**Exercise:**
From the listing below, restate word for word the lines from the line containing "5656 Dailey Ave, El Paso, TX 79905" down through the line containing "Sun Faded Tee - Black". Exclude pictures.

**Exercise material:**
====================

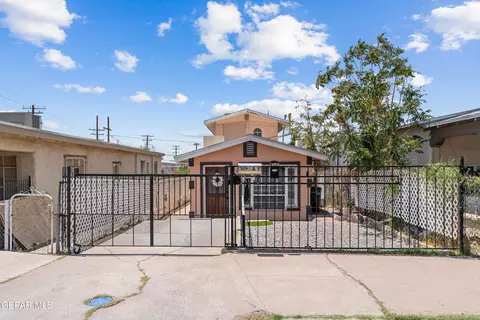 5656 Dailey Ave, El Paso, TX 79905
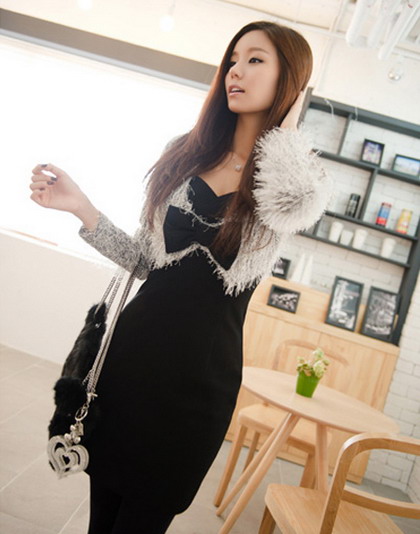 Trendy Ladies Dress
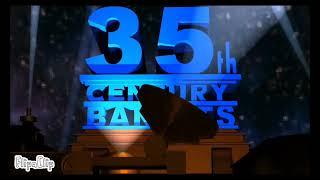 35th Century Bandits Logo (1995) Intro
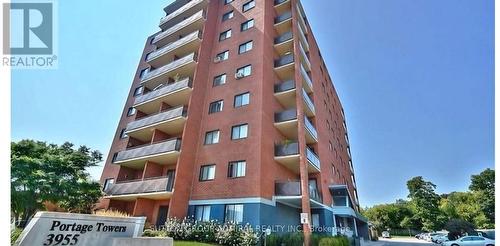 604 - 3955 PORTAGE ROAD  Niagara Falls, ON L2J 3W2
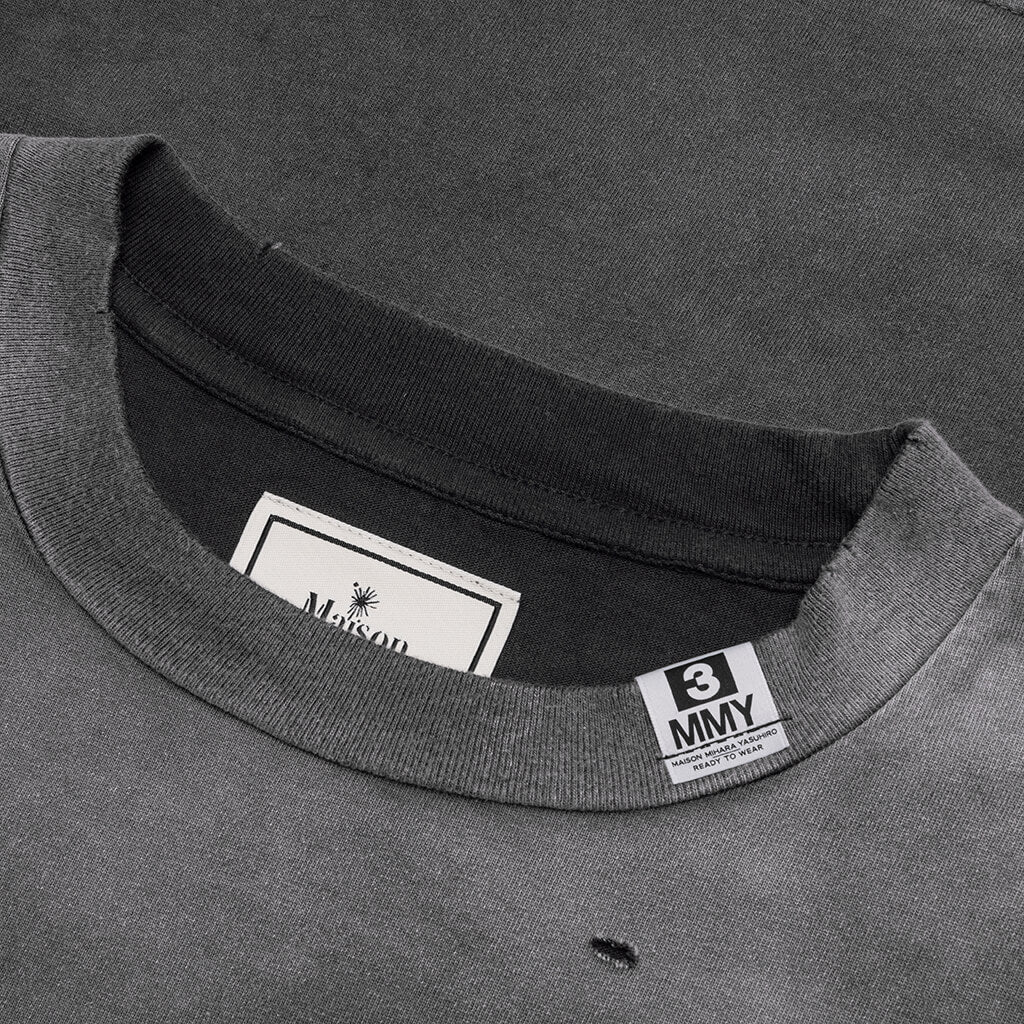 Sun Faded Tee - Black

====================

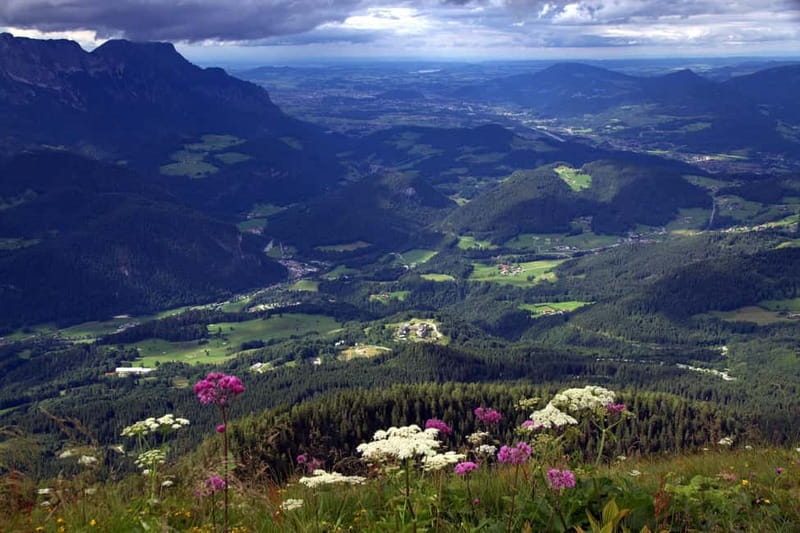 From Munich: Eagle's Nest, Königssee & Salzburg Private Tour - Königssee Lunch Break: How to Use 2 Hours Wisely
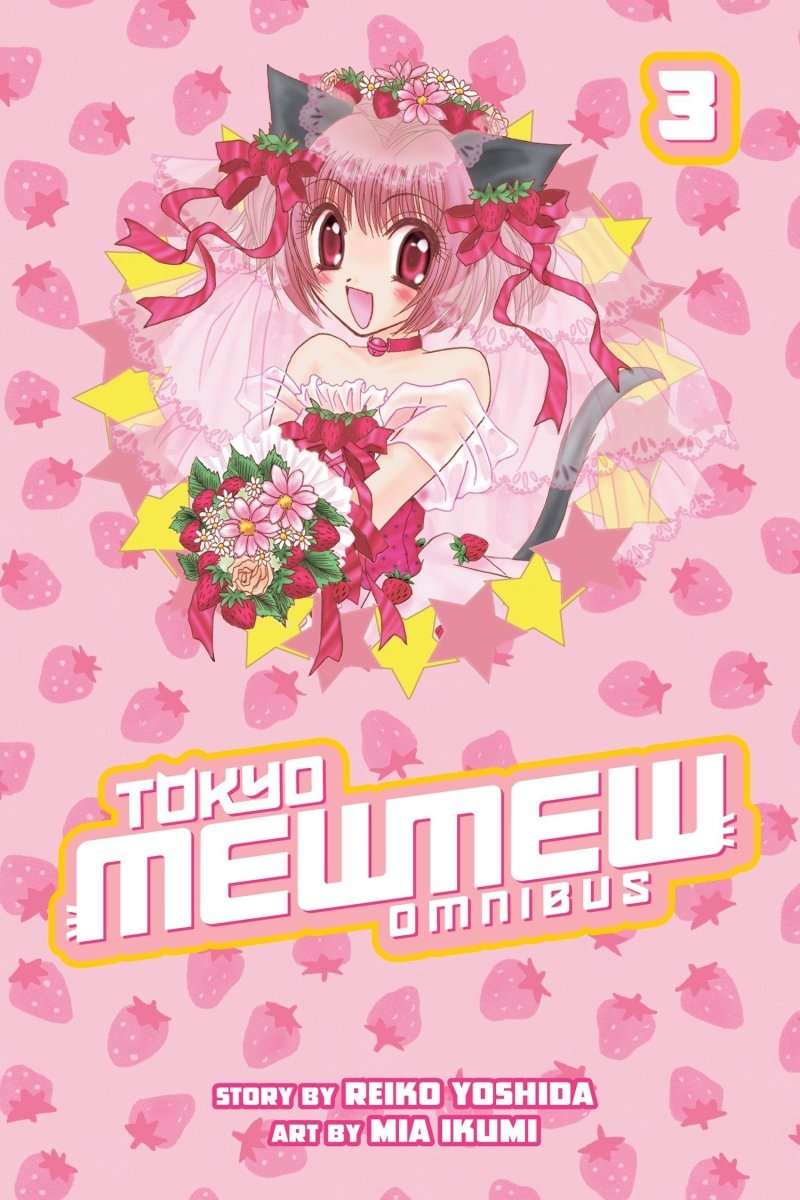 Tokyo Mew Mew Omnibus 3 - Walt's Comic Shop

====================

**Reply to the task:**
 5656 Dailey Ave, El Paso, TX 79905
 Trendy Ladies Dress
 35th Century Bandits Logo (1995) Intro
 604 - 3955 PORTAGE ROAD  Niagara Falls, ON L2J 3W2
 Sun Faded Tee - Black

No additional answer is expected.